There is a real world, and a real self, but it’s not adequately represented by images, its only translated or clothed by them. Just as the word sky is not the actual sky, the image of the world or the image of the self is not the self. The world and the self are within and beyond the image. Whatever the world is or whatever we are in its entirety we may never really be able to say, but it is something we can live out. We can live it as a present moment reality by spontaneously recognising and enacting the authentic truth of being. But first we must be willing to let go of the images, and we must be willing to rebuild them when we find them lacking, and come into a conscious relationship with their construction. I can’t tell you how many times I’ve heard from a friend who was giving me directions, “don’t follow google maps because it’s wrong”. They’ll then proceed to tell me the right way to get to their house. I know that the directions given by a conscious entity are usually more accurate than that of an algorithm. The reason is because algorithms aren’t conscious reasoning beings. But like a program we have our own kind of algorithms, automating unconscious functions.
The maps we have in our head are often wrong. But even when they are somewhat accurate its also often the case that we can get by quite well without them, because the reality directly in front of us tells everything we need to know anyway. We can navigate the present moment, no matter how complex or difficult it may seem with no map, and no past model of understanding. We don’t need a memorized set of rules, etiquette or technical knowledge in most cases to be responsive in an innocent and authentic way that is adequate to the moment. The life power in us is more than capable of meeting every need, in and through us. But if we are in bondage to the images and layers of constructed interpretations they assert on our consciousness, we will not be free to respond to what is. We will not listen to people, or to ourselves, and see what’s vital and alive here. We will instead fit what they are saying, or doing into the box most like our image of them or people “like” them. We will distort our perceptions attempting to contort the natural and authentic expression into our expectations. We will follow the letter of the law rather than the spirit of the law. We will follow the image of the role even if it goes against what’s good and true.

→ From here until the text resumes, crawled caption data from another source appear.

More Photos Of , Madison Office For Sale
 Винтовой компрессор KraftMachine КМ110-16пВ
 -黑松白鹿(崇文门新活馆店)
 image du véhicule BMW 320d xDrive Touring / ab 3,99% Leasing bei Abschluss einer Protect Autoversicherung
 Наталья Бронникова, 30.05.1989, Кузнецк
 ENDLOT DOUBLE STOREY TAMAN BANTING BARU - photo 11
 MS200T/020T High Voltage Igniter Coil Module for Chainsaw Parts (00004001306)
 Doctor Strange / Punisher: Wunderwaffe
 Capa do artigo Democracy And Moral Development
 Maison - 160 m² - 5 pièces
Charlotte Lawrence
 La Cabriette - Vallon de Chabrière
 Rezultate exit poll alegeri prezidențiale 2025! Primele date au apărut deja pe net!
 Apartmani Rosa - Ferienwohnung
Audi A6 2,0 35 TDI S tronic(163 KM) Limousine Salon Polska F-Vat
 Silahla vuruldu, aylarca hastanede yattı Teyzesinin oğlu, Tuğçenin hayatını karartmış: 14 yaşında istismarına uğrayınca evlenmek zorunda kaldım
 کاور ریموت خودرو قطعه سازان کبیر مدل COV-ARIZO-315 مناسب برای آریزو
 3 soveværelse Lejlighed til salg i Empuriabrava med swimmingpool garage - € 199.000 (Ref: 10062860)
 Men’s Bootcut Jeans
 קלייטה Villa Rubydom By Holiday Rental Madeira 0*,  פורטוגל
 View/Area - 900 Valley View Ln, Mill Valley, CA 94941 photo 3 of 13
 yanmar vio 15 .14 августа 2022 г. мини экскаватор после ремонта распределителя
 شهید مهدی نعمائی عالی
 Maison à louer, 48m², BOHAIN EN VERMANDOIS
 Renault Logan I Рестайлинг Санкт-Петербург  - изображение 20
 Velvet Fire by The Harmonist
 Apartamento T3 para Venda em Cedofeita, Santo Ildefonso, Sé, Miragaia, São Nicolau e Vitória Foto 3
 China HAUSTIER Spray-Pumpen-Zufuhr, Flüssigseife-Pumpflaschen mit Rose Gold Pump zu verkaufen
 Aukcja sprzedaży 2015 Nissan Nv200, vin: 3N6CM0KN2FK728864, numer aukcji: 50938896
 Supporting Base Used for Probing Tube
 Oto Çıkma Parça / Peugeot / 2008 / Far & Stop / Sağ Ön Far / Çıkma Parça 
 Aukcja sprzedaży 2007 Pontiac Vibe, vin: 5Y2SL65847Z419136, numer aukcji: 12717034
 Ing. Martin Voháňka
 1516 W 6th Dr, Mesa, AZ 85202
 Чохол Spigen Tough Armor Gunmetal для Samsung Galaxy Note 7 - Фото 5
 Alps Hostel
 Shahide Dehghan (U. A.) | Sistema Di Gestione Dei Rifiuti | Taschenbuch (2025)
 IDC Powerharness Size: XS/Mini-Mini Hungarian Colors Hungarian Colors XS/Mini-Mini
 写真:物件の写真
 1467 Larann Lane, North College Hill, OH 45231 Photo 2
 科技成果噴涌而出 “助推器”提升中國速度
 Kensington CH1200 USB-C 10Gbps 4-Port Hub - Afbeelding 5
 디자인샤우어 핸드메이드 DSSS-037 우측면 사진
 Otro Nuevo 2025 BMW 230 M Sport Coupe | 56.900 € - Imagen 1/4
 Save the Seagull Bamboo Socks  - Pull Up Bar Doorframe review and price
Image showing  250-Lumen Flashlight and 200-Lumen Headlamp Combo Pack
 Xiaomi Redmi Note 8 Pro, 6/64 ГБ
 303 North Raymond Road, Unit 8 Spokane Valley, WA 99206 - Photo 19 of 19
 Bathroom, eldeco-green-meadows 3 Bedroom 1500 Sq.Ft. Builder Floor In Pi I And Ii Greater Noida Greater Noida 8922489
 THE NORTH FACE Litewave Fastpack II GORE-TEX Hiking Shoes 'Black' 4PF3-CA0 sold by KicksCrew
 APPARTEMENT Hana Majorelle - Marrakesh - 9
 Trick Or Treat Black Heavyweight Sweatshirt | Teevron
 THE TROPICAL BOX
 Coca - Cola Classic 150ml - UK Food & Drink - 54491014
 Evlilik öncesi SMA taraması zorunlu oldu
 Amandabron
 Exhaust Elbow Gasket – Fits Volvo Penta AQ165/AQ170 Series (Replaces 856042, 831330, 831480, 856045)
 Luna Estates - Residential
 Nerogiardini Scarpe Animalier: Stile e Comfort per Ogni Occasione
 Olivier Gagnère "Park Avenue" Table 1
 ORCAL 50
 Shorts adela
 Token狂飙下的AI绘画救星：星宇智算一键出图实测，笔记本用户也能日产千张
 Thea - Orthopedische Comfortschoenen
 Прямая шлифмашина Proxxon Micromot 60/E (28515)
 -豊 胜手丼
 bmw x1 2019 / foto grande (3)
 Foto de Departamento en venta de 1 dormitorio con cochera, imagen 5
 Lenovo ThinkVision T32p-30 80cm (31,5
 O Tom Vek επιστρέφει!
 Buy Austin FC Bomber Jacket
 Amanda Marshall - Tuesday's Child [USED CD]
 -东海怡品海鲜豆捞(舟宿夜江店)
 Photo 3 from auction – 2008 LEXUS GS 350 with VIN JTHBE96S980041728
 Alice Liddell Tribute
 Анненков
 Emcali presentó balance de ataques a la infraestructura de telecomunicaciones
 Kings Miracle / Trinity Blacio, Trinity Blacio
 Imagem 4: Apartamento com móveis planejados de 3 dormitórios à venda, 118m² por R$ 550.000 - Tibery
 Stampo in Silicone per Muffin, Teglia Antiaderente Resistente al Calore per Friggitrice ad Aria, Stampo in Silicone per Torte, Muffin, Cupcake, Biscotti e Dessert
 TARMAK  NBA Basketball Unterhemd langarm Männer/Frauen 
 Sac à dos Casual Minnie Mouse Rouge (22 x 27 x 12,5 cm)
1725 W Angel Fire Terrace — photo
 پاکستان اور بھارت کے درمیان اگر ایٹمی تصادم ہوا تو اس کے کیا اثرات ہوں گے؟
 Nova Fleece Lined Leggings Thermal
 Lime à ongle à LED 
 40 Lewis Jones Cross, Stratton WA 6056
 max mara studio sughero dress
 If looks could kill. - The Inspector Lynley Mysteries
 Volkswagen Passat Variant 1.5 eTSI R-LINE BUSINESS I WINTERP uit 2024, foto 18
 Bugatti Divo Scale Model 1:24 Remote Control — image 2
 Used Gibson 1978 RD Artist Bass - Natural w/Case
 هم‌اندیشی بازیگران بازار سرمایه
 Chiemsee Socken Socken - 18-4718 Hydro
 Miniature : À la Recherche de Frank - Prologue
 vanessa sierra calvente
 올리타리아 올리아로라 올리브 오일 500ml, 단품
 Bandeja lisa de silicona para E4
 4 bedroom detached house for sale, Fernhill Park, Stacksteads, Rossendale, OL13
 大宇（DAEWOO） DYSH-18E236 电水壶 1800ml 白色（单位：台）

Yes, let’s make images, make maps and models of reality, let’s create fantasies and mold clay sculptures out of the fluidic mind stuff to co-create what might become. And let’s polish those images to shine like a brilliant mirror when held up to the direct light of reality, but let’s do it intentionally, consciously and without attachment or belief that it should be true. Let’s also learn to settle the mind and observe the subtle activity of image making that’s always already occurring, and refine those images by shaping them in accordance with the luminous realities we directly observe. Progress in this skillet is achieved by our work with theta states. Trance work, lucid dreaming, visualization and active imagination all of which are aided by our state training practices with the frequency range of 4-7Hz. Theta state training will put us into alignment with the subtle states of consciousness and the image making faculty, and through practice and with greater conscious awareness we will learn to become the directors of this most glorious and divine power of creativity.